TEMPO.CO, Bantul - Ketua Panitia Pengawas Pemilu Kabupaten Bantul, Supardi, mengatakan laporan masyarakat mengenai praktek politik uang bermunculan pada masa tenang ini. Menurut Supardi, laporan inni umumnya disampaikan lewat telepon dan pesan pendek. "Hari ini saja ada lima laporan warga masuk lewat SMS," katanya, Selasa, 8 April 2014.
Laporan masyarakat mulai masuk sejak hari pertama masa tenang, atau Ahad, 6 April lalu. Namun, menurut dia banyak pelapor yang enggan memenuhi panggilan Panwaslu Bantul untuk melengkapi syarat formal laporan. "Tadi pagi (Selasa, 8 April 2014), nomor tiga pengirim SMS tidak bisa kami hubungi," katanya.
Sayangnya, Supardi enggan menyebutkan jumlah pasti informasi dari masyarakat perihal praktek politik uang yang sudah masuk ke Panwaslu Bantul selama hari tenang. Supardi juga tidak mau membeberkan informasi detailnya, termasuk modus dan lokasi praktek politik uang tersebut. "Lokasinya pokoknya di Bantul," katanya.

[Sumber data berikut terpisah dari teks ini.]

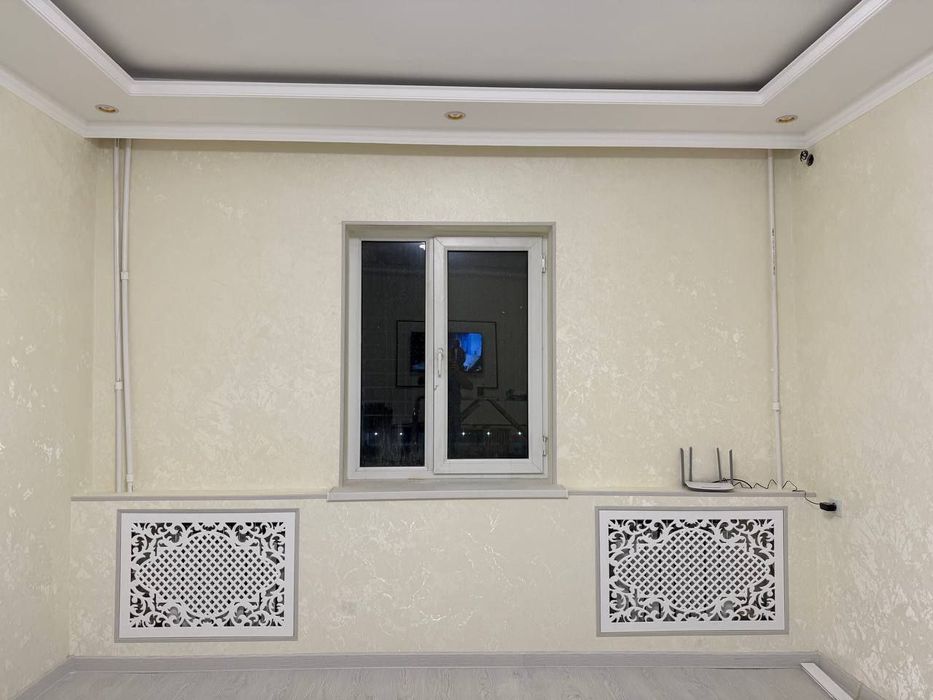 Продаётся 1 комнатная улучшенной планировки Юнусабад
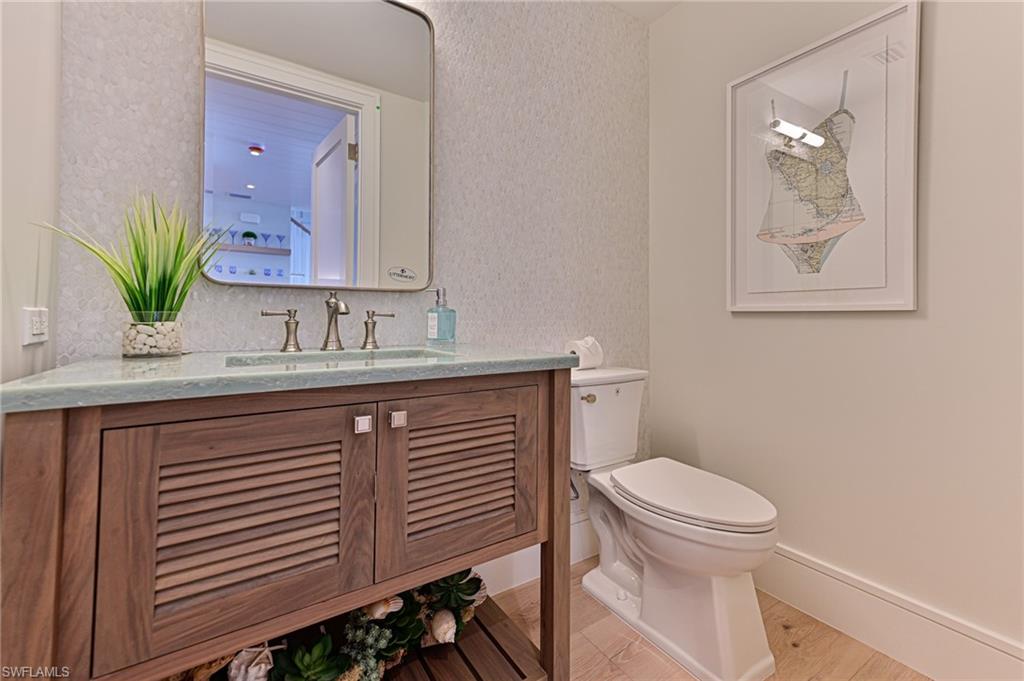 VILLAS AT BAREFOOT BEACH - Residential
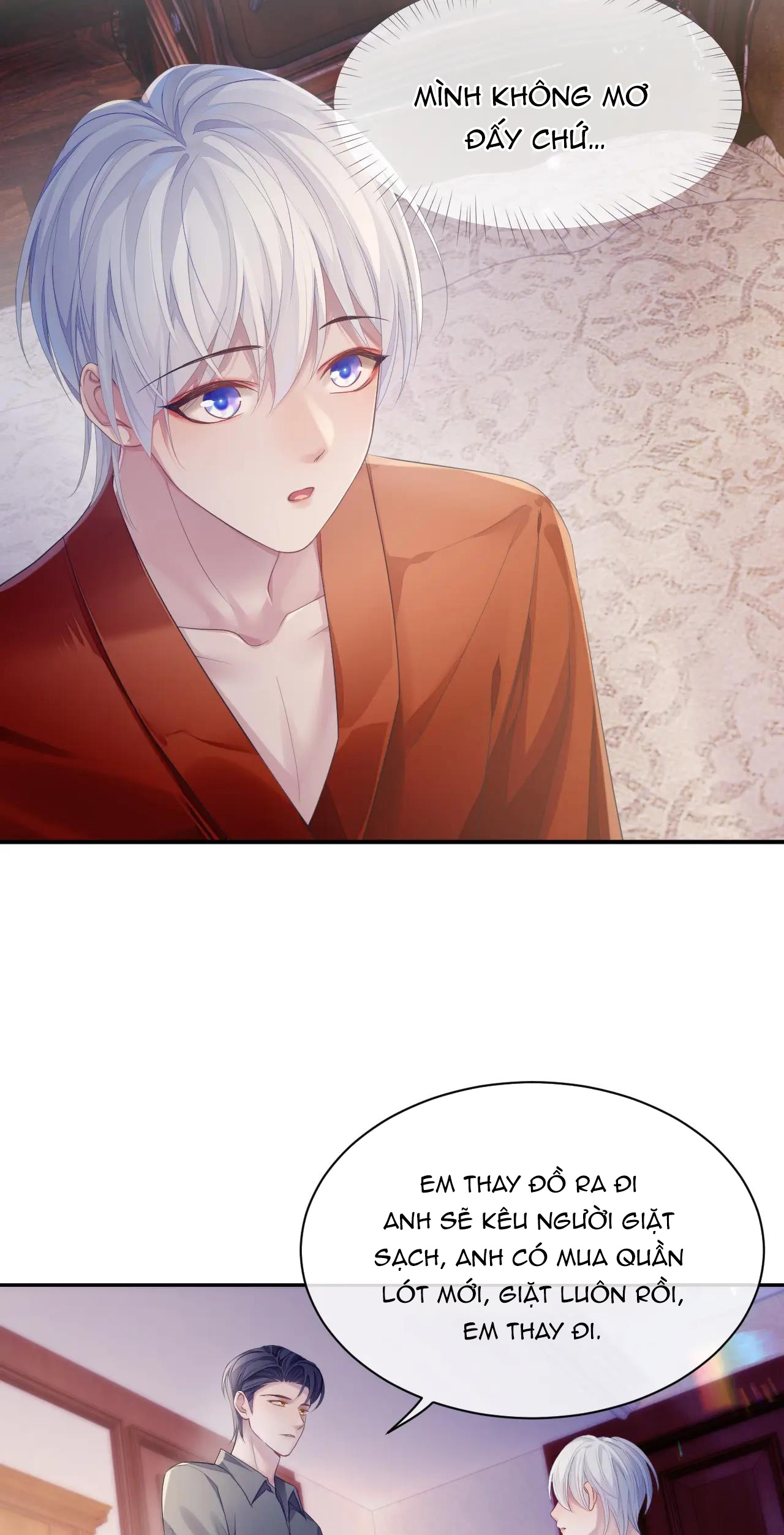 xin hãy ly hôn chapter 50 31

Koordinator Divisi Pelaporan dan Penindakan Panwaslu Bantul, Harlina, berpendapat, informasi seperti itu tidak akan dibeberkan oleh Panwaslu ke publik. Menurut dia, informasi yang belum memenuhi unsur sebagai laporan, sesuai dengan Peraturan KPU Nomor 15 Tahun 2013, tak layak dipublikasikan. "Baru dua informasi selama hari tenang yang jelas, tapi itu juga belum memenuhi unsur laporan," katanya.
Dia mencontohkan laporan yang belum bisa dipublikasikan lainnya. Yakni kasus politik uang yang ditangani kepolisian. "Akan segera masuk ke BAP (berkas acara perkara), tapi tidak akan kami publikasikan ke media dulu, nanti malah gagal upaya penindakannya," katanya.
Menurut Harlina, unsur formal syarat administrasi berupa adanya saksi untuk membuktikan kebenaran laporan harus dipenuhi. Dia mencontohkan, kasus pembagian kain batik dari salah satu caleg di Bantul pada masa kampanye lalu tidak bisa ditindak karena tidak adanya saksi. "Susah minta warga bersaksi," ujarnya.
Dia mengatakan dua laporan masyarakat yang lumayan jelas mengenai politik uang di Bantul pada masa hari tenang menyebut pelakunya memakai modus lama, yakni menebar uang agar masyarakat mencoblos caleg tertentu. Kasus pertama terjadi di kawasan Badegan, yang tak jauh dari sekretariat Panwaslu. "Sedang dilacak panwascam (panitia pengawas kecamatan)," kata Herlina.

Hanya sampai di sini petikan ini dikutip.